Rather than working on the full dataset of many millions of tweets we will take a pass through all the tweets and look for ones that are relevant for the users we are interested in. Note, this will run for a day or so:

In [None]:
#!/usr/bin/env python3

import csv
import sys
import glob
import gzip
import json

from twarc.json2csv import get_row, get_headings

queries = [
    {
        "name": "Darren Seals",
        "screen_name": "KingDSeals",
        "user_id": "2747681903"
    },
    {
        "name": "Edward Crawford",
        "screen_name": "eyeFLOODpanties",
        "user_id": "84946406"
    },
    {
        "name": "Bassem Masri",
        "screen_name": "bassem_masri",
        "user_id": "2734647354"
    },
    {
        "name": "Deandre Joshua",
        "screen_name": None,
        "user_id": None
    },
    {
        "name": "Danye Jones",
        "screen_name": None,
        "user_id": None
    }
]

data_dirs = [
    {
        "name": "Beyond the Hashtags",
        "glob": "data/AE0A86DE-E17D-438E-BCDF-AA1F04851CAF/data/tweets/*.txt.gz"
    },
    {
        "name": "BlackLivesMatter",
        "glob": "data/4D41FEA7-9E85-45B8-9499-362212278CAB/data/*.json.gz",
    },
    {
        "name": "Ferguson Scrape",
        "glob": "data/D651C3F6-5619-4A42-A8BC-7C22B7A9A44A/data/*.json.gz",
    },
    {
        "name": "Ferguson",
        "glob": "data/fe28a093-d3f4-42d7-83ba-f5ba1b1cc765/data/*.json.gz"
    }
]

def filter_tweets():
    out = csv.writer(open("data/ferguson-activists.csv", "w"))
    out.writerow(get_headings() + ['dataset', 'file', 'user_match', 'match_type'])
    for d in data_dirs:
        for f in glob.glob(d['glob']):
            sys.stdout.write('\n{}:'.format(f))
            sys.stdout.flush()
            process_file(d['name'], f, out)

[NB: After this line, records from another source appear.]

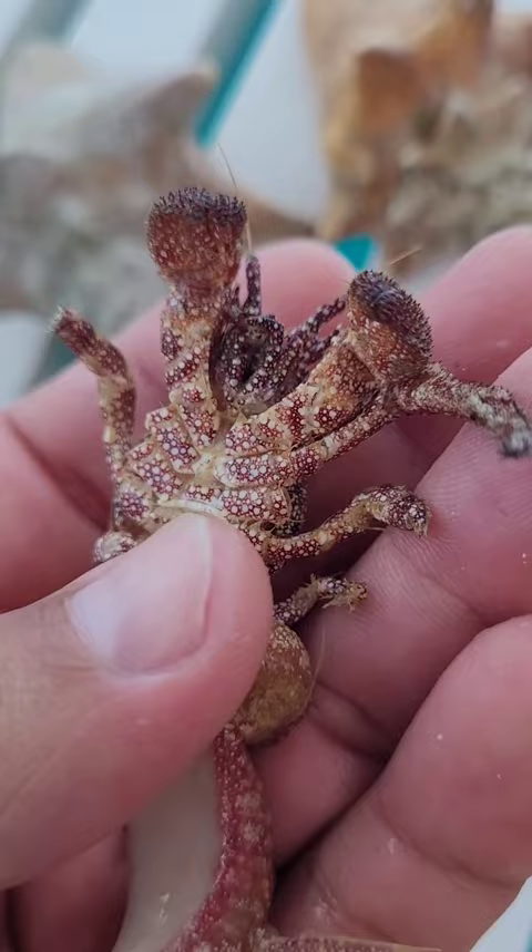I feel bad. I didn't mean to collect him or kill him — would have left him alone — but bycatch is a thing.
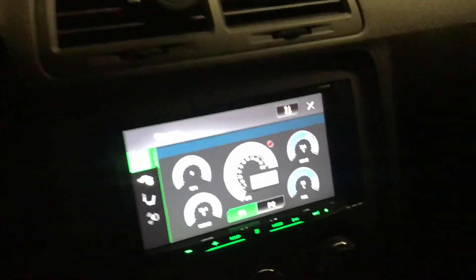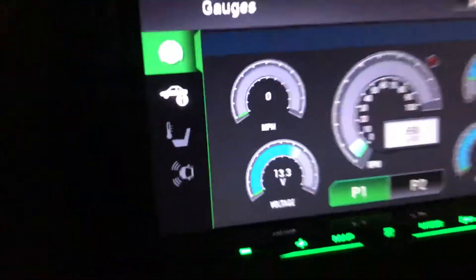Pioneer radio on a Dodge Challenger. Everything that your dash shows, it shows on your radio.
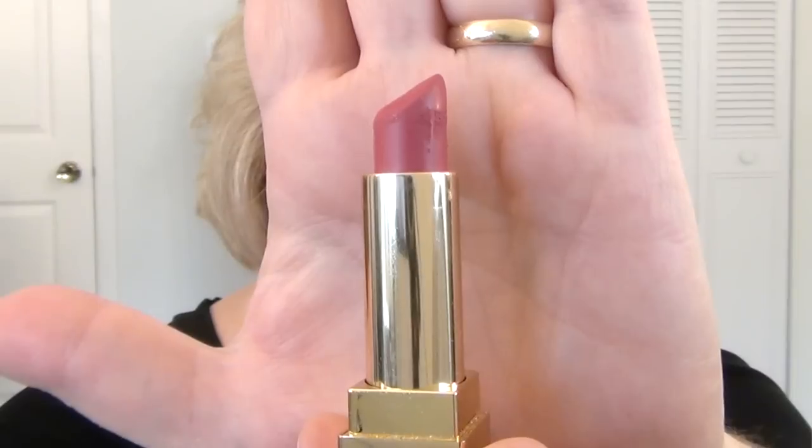The next shade is from YSL — it is the Rouge Pur Couture The Mattes in Rose Perfecto, number 207. Sometimes they only have the numbers on the displays. This is definitely a splurge, a high-end lipstick, but I just adore the packaging, and you can even use the reflective side to apply. This shade is a little bit darker and deeper pink that I tend to reach for more during the summer. It's a tragedy it got buried in my collection this summer and I didn't wear it once. It's a very smooth, comfortable formula — matte, but not drying.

def process_file(source, json_path, out):
    for line in gzip.open(json_path):
        try:
            tweet = json.loads(line)
        except:
            continue
        match = tweet_match(tweet)
        if match:
            sys.stdout.write('.')
            sys.stdout.flush()
            out.writerow(get_row(tweet) + [source, json_path] + match)

def tweet_match(t):
    for q in queries:

        # tweet by the user?
        if q['user_id'] == t['user']['id_str']:
            if t['in_reply_to_user_id_str']:
                return [q['name'], 'replied']
            elif t.get('retweeted_status') is not None:
                return [q['name'], 'retweeted']
            else:
                return [q['name'], 'posted']

        # someone replied to a tweet by the user?
        if q['user_id'] and q['user_id'] == t['in_reply_to_user_id_str']:
            return [q['name'], 'replied to']

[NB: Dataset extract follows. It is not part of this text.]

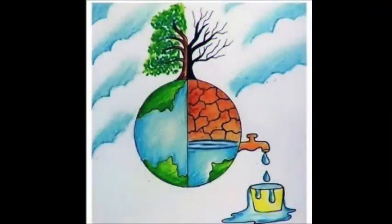Without water, life cannot exist. You must look at better states who conserve water and learn from them. Thank you.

        # user reweeted by someone else?
        rt = t.get('retweeted_status')
        if rt and q['user_id'] == rt['user']['id_str']:
            return [q['name'], 'user retweeted']

        # user mentioned by someone else?
        for u in t['entities'].get('user_mentions', []):
            if q['user_id'] == u['id_str']:
                return [q['name'], 'user mentioned']

        # someone mentioned them by name?
        text = t.get('text') or t.get('full_text')
        text = text.lower()
        if q['name'].lower() in text:
            return [q['name'], 'name mention']

    return None


## Query the data

We created a CSV of the tweet data in the previous step, but now lets convert it to a sqlite database so we can query it.

In [2]:
import sqlite3

db = sqlite3.connect('data/ferguson-activists.db')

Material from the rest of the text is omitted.